We can even look at the confidence limits for both methods. For TS, the confidence limits aren’t computed using the standard error, but using the distribution of the estimated slopes of each pair of data points. Here are the lower 95% confidence limits by both methods:
Here are the upper 95% confidence limits by both methods:
Again, both methods do an excellent job and they give nearly identical results. One would be hard pressed to give a compelling reason not to use Theil-Sen.
But what about autocorrelated noise? I created another 500 artificial time series following an ARMA(1,1) process, with its parameters set to mimic the noise in monthly global temperature data. Then I estimated the slope and its standard error by both methods, but did not compensate the LS estimate for autocorrelation. Here’s the result:
The standard deviation of the LS estimates was 0.0088, but the average standard error was only 0.0040. This is because the standard error estimates are wrong — they’re not compensated for autocorrelation.
The standard deviation of the TS estimates was 0.0088, but the average standard error was only 0.0041. Again, the standard error estimates are wrong because they’re not compensated for autocorrelation. The interesting point is that the autocorrelation seems to have have the same effect on the TS slopes that it had on the LS slopes.
We can also look at the 95% lower and upper confidence limits, without any autocorrelation correction:
Again, the results are nearly identical. More to the point, if we apply the same correction to the TS slope as to the LS slope, we’ll get correct results. I conclude that there’s no good reason not to use TS for temperature data, but we must still correct for autocorrelation, and we do so in the same way as for LS.

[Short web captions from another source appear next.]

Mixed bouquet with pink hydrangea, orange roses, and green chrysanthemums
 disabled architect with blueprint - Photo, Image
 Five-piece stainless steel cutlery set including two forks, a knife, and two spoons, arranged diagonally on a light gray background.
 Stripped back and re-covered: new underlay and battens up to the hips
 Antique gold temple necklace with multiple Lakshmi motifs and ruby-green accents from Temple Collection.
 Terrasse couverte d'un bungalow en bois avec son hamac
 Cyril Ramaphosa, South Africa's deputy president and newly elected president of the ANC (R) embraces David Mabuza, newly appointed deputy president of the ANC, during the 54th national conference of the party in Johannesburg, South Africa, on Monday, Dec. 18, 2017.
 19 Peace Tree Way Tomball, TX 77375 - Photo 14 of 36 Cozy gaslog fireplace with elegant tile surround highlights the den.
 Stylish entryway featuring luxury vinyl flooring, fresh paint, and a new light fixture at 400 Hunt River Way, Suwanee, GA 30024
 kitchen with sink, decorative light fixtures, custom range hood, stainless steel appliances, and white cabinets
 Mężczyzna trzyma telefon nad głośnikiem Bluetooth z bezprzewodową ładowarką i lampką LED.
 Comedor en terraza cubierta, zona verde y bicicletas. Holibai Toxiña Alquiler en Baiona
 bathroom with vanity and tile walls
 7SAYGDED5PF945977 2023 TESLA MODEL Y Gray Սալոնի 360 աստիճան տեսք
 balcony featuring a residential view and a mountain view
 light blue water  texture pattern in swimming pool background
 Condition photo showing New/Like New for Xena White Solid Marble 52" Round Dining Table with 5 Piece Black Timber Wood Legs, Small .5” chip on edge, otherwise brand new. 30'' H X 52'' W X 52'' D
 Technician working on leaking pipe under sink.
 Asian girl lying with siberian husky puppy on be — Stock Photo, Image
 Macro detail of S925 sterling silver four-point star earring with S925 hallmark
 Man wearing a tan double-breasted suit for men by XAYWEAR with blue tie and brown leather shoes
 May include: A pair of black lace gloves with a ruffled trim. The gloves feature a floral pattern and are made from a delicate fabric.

Just for fun, I applied both LS and TS to annual average global temperature data since 1975 from NASA GISS. I used annual averages because they show much less autocorrelation than monthly averages (it’s much less, but it’s still there!), and I did not apply an autocorrelation correction. Here’s the result:
The estimates, and the estimated uncertainties, are indistinguishable. I also computed, by both methods, the slope for data from various start years through 2012:
Again the results are pretty much indistinguishable. It should be noted that the error bars are too small, because there is still some residual autocorrelation which is not compensated — but with annual averages, the uncompensated estimates at least get us in the ballpark.
Computing the slope from 1975 to various end years also gives similar results:
Finally, I computed the slopes for all 15-year time spans from 1975 to the present:
Once again the two methods give the same answers.
All this reinforces the conclusion that there’s no reason not to use Theil-Sen for trend estimation of temperature data. There’s also no reason not to use least squares. Both methods require correction for autocorrelation, and both methods give reliable results.